On 13 March, a research team consisting of six students from NEFU’s Key Laboratory of Wildlife Epidemic and Biosafety Control in Heilongjiang Province, including 2022 PhD student Chai Rong, received the official notification from the Food and Agriculture Organization of the United Nations (FAO) that they had been awarded the Peste des Petits Ruminants (PPR) Special Prize. The prize recognizes the exceptional contribution of NEFU students to the study of PPR in wildlife on the Qinghai-Tibet Plateau.

The team consists of PhD students Chai Rong, Lv Jianing and Joka Dengata Lemu, and Master’s students Zhang Shuang, Fan Xin and Hu Yezhi, from the College of Wildlife Resources. The team has been conducting wildlife epidemic disease research in the alpine and severely hypoxic environment of the Qinghai-Tibet Plateau at an altitude of more than 4,000 meters. With the NEFU spirit of striving for excellence they overcame the tough environment, and in the end, they were selected from 83 finalist teams from around the world by their independent and innovative scientific spirit and collaborative teamwork, as well as their strong scientific capabilities, and became one of the 12 winners worldwide as the only Chinese team, and received an award of $10,000.

The role of wild petit ruminants in the epidemiology of PPR in Asia, especially in central Asia, is a current hot spot of global concern and a cognitive gap, and is the latest challenge of the Global PPR Eradication Program, a global intergovernmental cooperation program jointly advocated by FAO and WOAH (the World Organization for Animal Health). The Qinghai-Tibet Plateau is located in the hinterland of Asia and has many wild petit ruminants. Since 2018, the NEFU scientific research team of Key Laboratory of Wildlife Epidemiology and Biosafety Control in Heilongjiang Province has focused on the cross-border tracing of PPR and the identification of potential wild hosts and atypical hosts of PPR on the Qinghai-Tibet Plateau, which has initially revealed the epidemiological pattern of PPR on the Qinghai-Tibet Plateau and created a new theory and method for the study of natural epidemic sites and spillover of epidemic diseases. The research results have been recognized by FAO and named by the Ministry of Science and Technology as the highlight work of the 13th Five-year Key Research and Development Plan Project. It also has important implications for the research and prevention of other major human-animal diseases in the world.

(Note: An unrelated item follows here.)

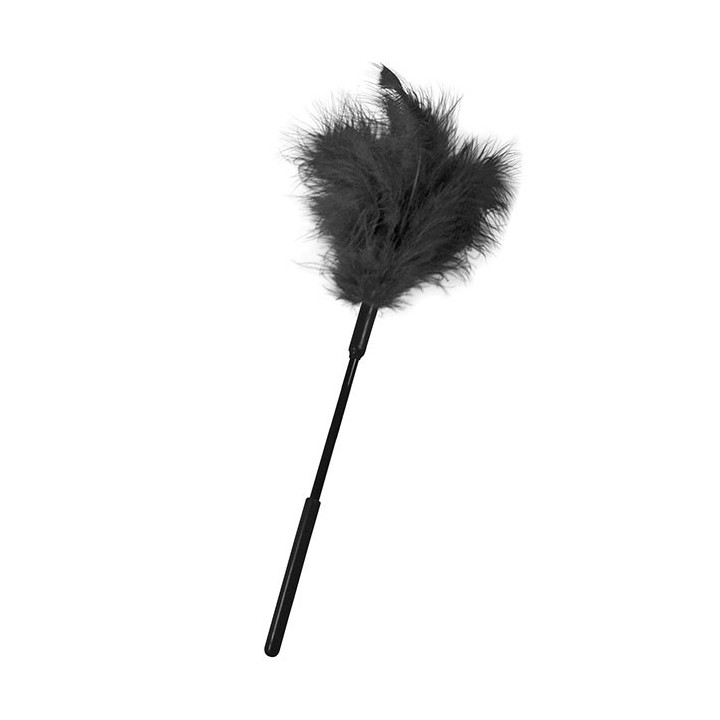 FEATHER TICKLER 7.. BLACK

The team is supervised by Professor Wang Xiaolong, Director of the Key Laboratory of Wildlife Epidemics and Biosafety Control in Heilongjiang Province.

prev:NEFU Ranks First in the National Agricultural and Forestry Undergraduate Competition for Five Consecutive Years

next:Journal of Forestry Research wins funding through the “Heilongjiang Provincial Boutique Publishing Project”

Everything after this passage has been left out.